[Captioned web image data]
============================================================

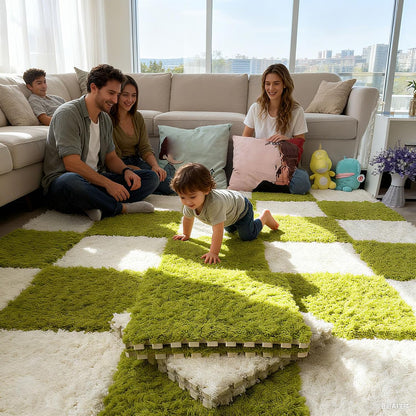 Thickened Plush Foam Interlocking Floor Carpet Mat, 24 Piece 12x12in Fluffy Square Puzzle Foam Carpet Tiles with Edgings, Soft Anti-Slip Shaggy Area Rug Playmat (Green+White)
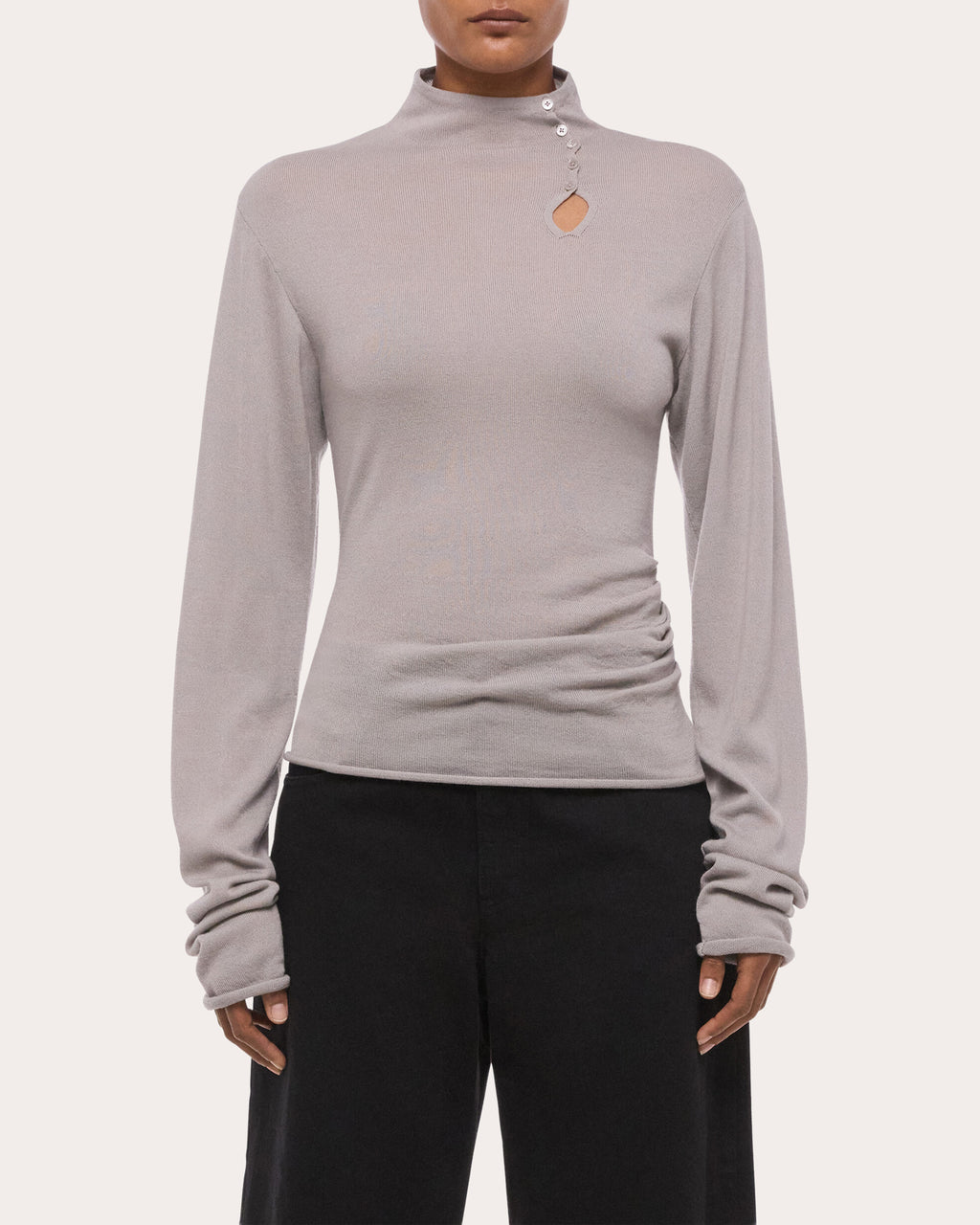 Wool Long-Sleeve Button Mock Neck Top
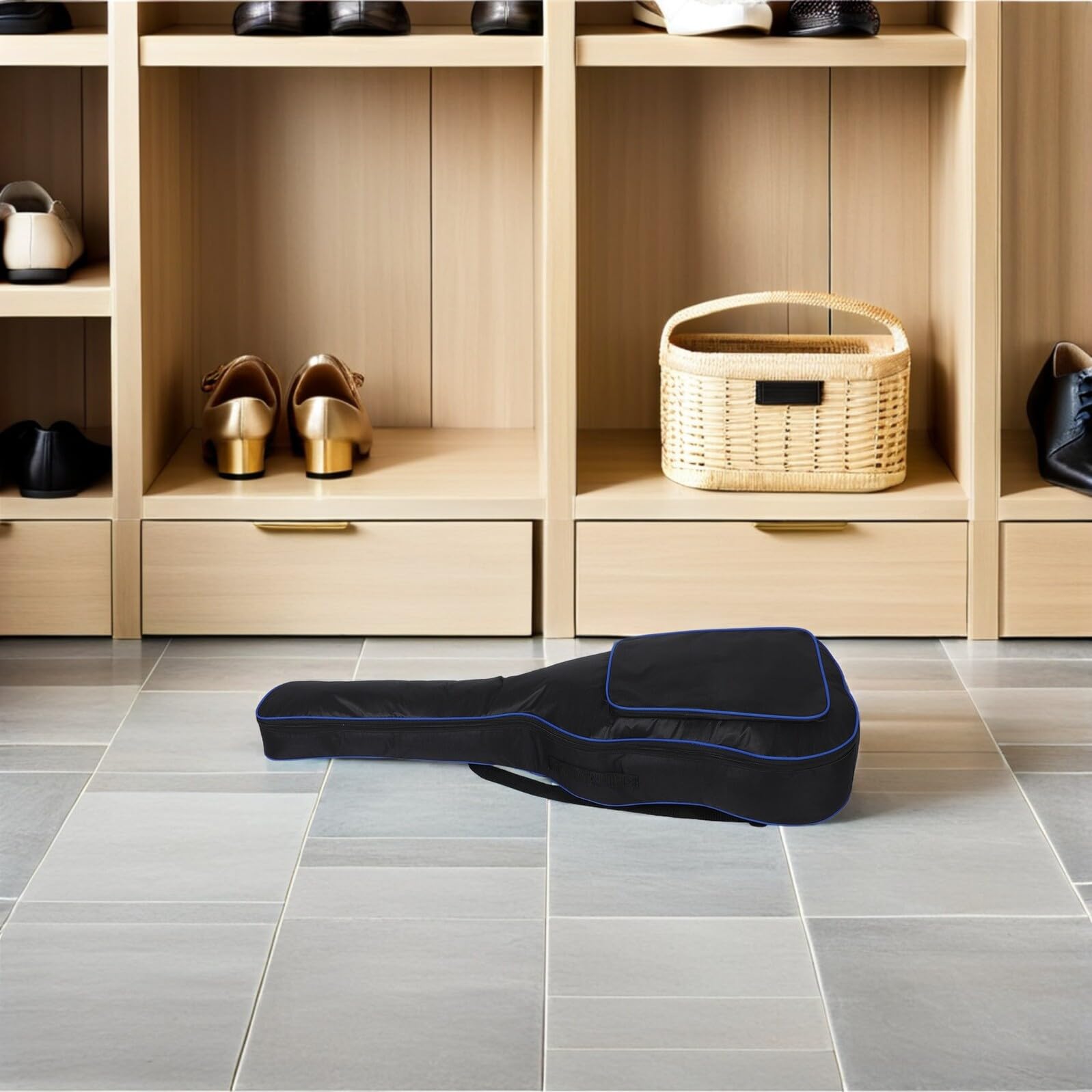 GLEAVI Bolsa para Guitarra Acústica de 41 Pulgadas y Acolchada Gruesa Borde Azul, Mochila Portátil para Guitarra Eléctrica, Funda Engrosada Resistente al Agua para Viajes y Conciertos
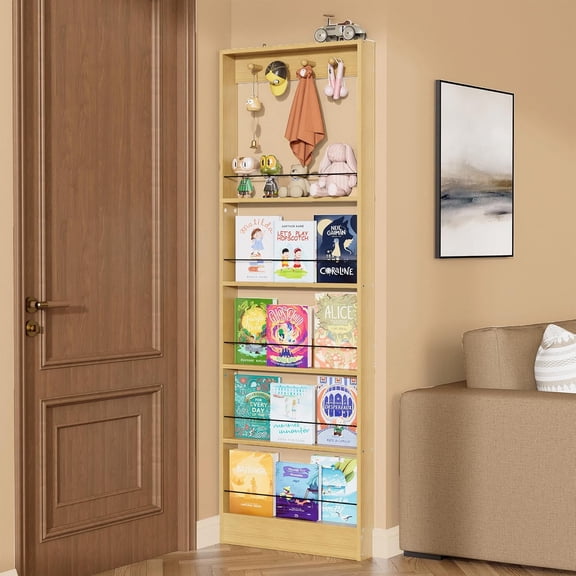 Behind The Door Bookshelf Kids Wooden Wall Mount Organizer with Hooks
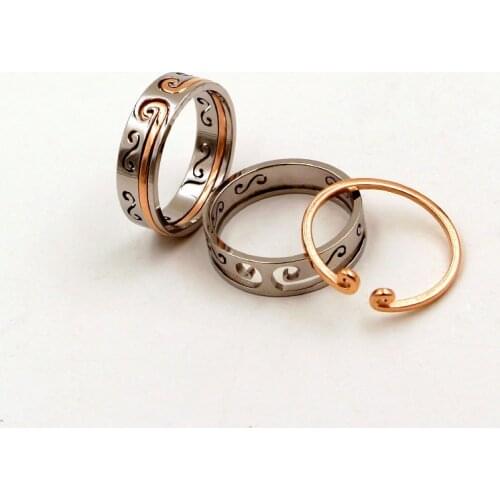 Lovers' Rings Two in One Magic Spell Polished S Design Couple Rings for Women Men Wedding Engagement Love Rings Jewelry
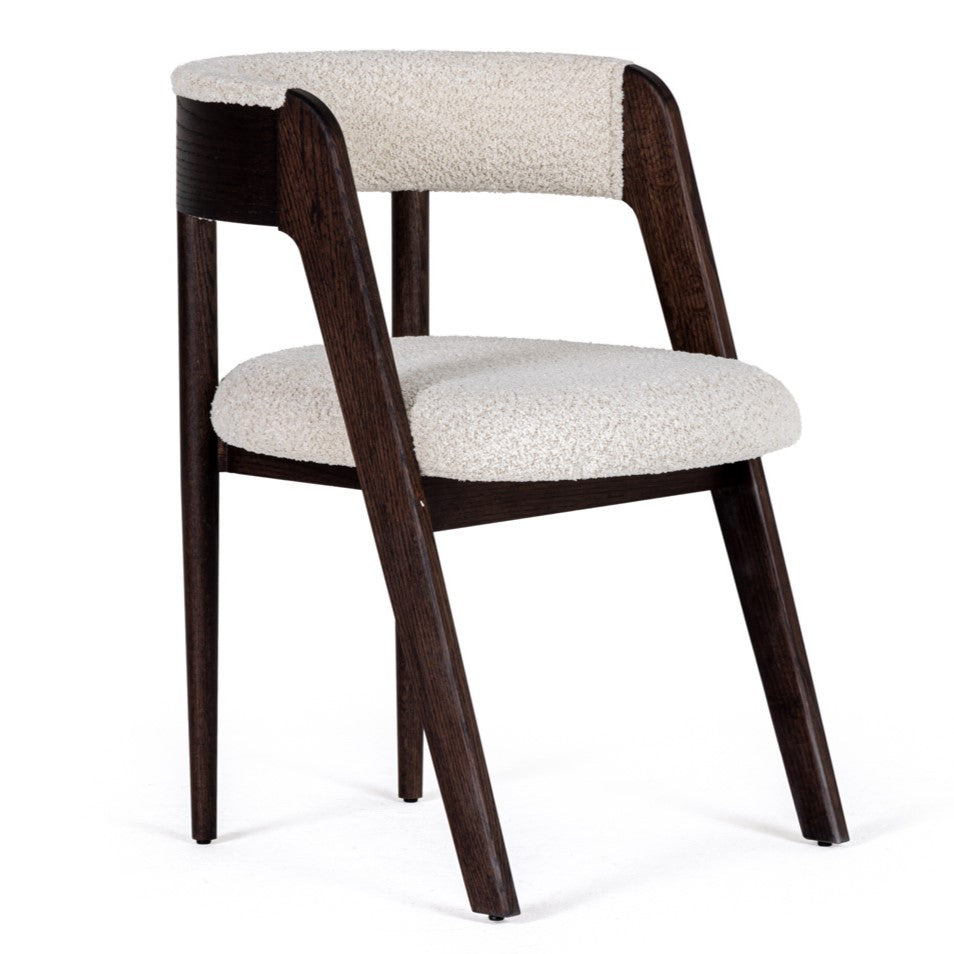 Vegas  Modern Cream Fabric + Walnut Oak Dining Chair (Set of 2)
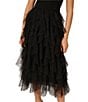 Adrianna Papell Adrianna by Adrianna Papell Crepe Knit One Shoulder Sleeveless Ruffle Mesh A-Line Gown, Color:Black - Image 4
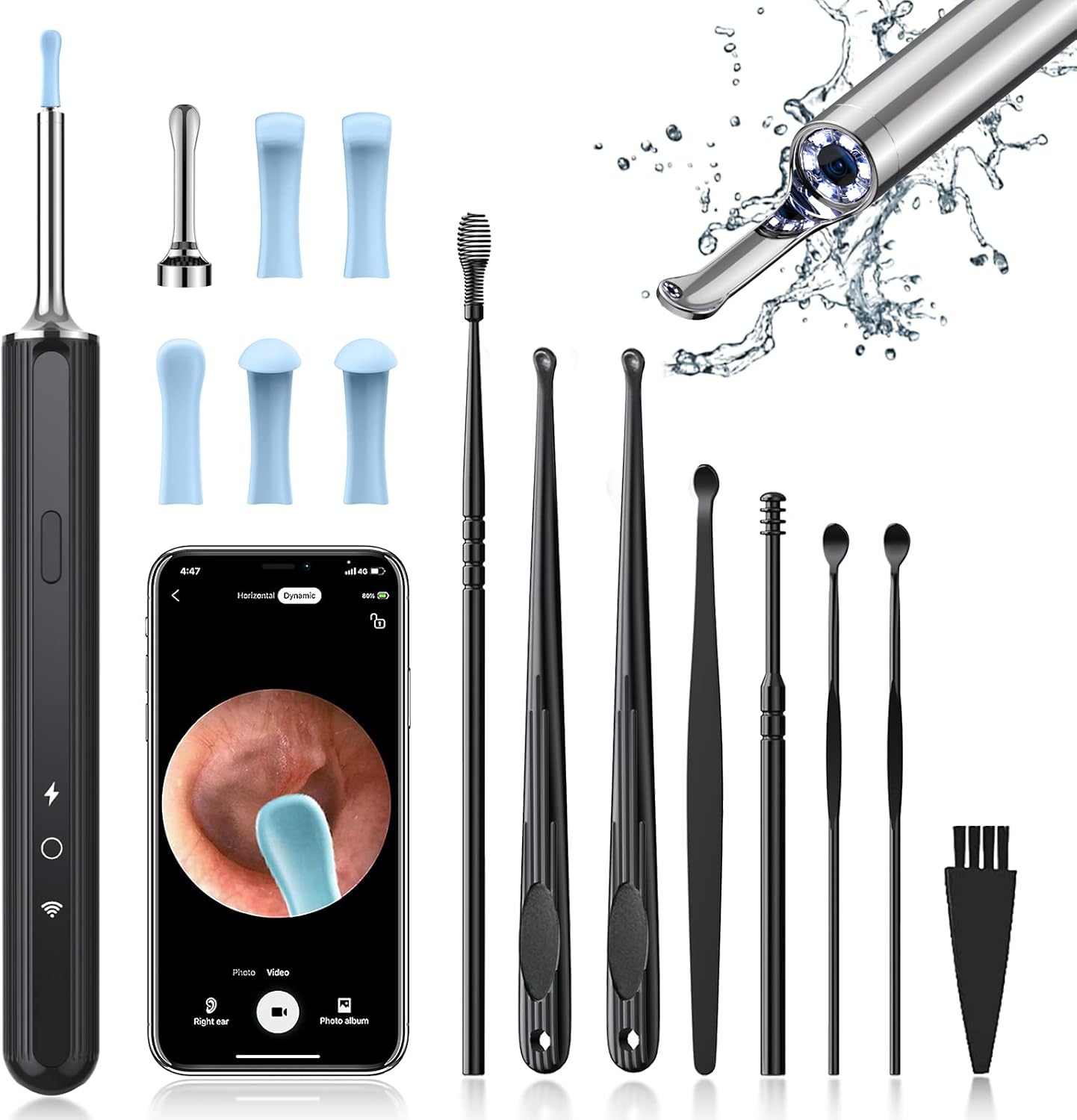 Salud y cuidado personal, microscopio digital inalámbrico portátil USB para oído, herramienta de eliminación de cera de oído con cámara, cámara de
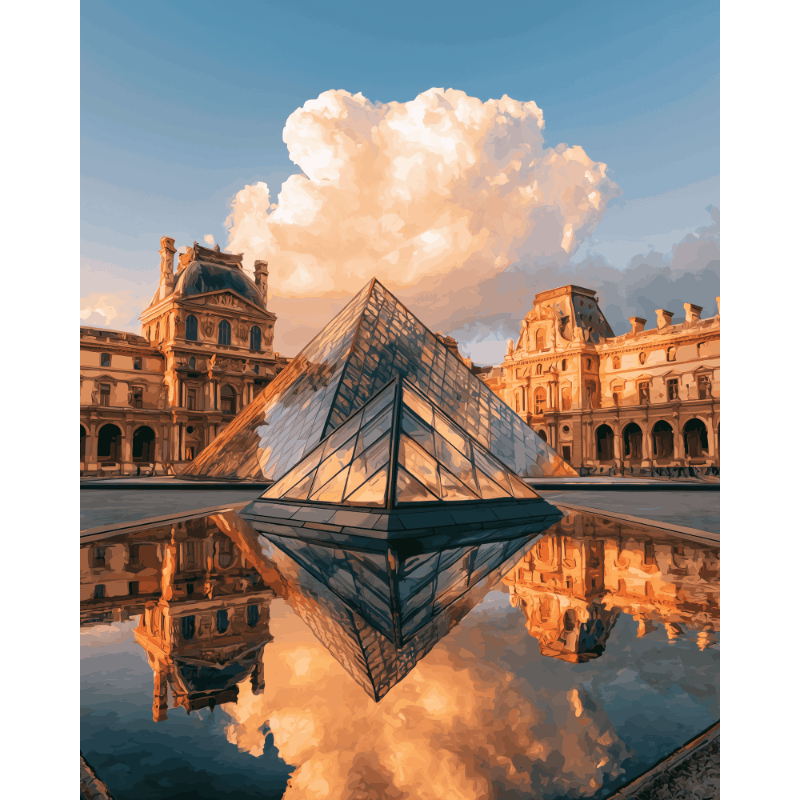 Louvre gloed - Diamond Painting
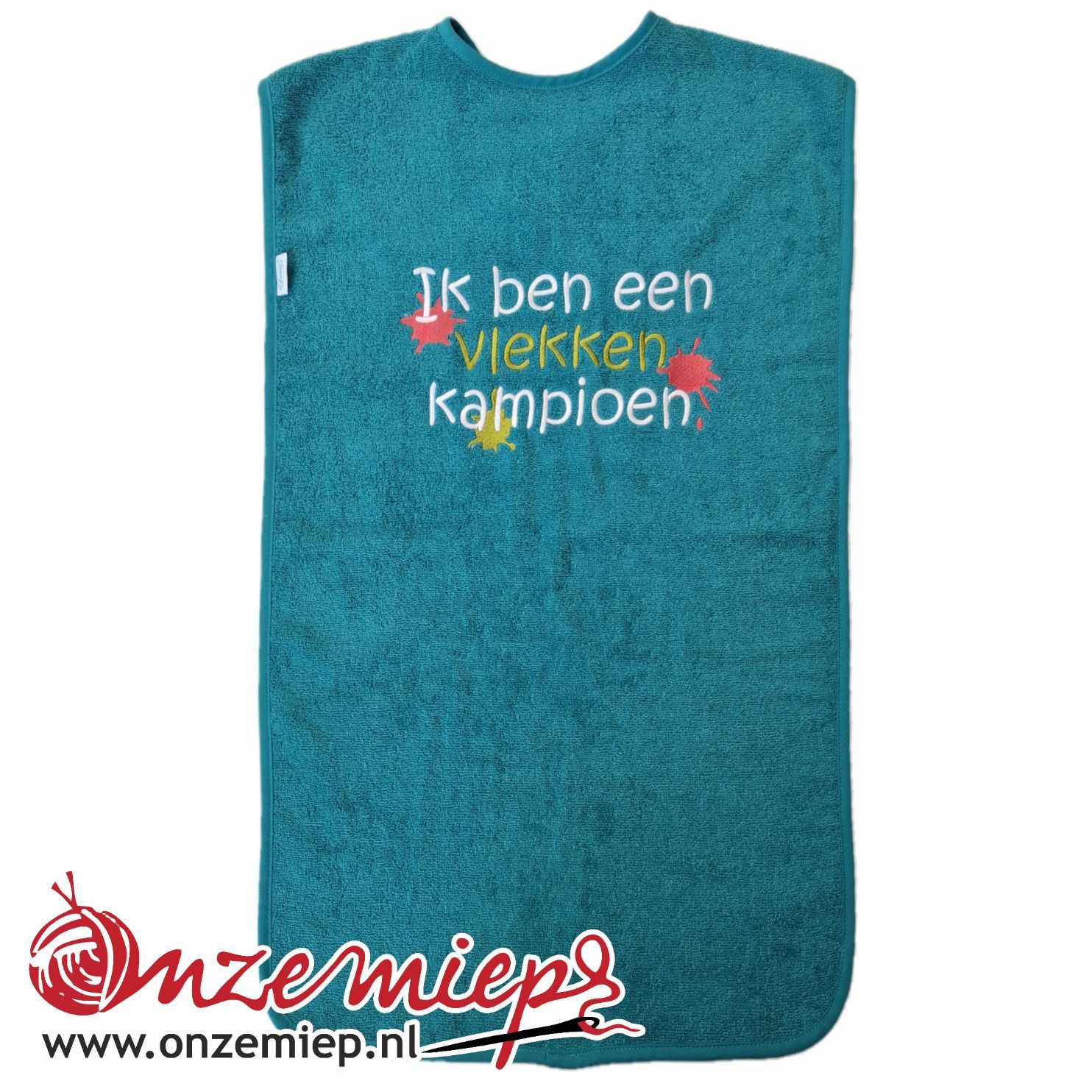 Lake green slab voor volwassenen met &quot;Ik ben een vlekken kampioen&quot; - 50 x 100 cm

============================================================

◆ Exercise instructions ◆
Pictures should be omitted. Please return exactly the lines from the line that holds "Adrianna Papell Adrianna" through the end of the records.

◆ Output of the exercise ◆
 Adrianna Papell Adrianna by Adrianna Papell Crepe Knit One Shoulder Sleeveless Ruffle Mesh A-Line Gown, Color:Black - Image 4
 Salud y cuidado personal, microscopio digital inalámbrico portátil USB para oído, herramienta de eliminación de cera de oído con cámara, cámara de
 Louvre gloed - Diamond Painting
 Lake green slab voor volwassenen met &quot;Ik ben een vlekken kampioen&quot; - 50 x 100 cm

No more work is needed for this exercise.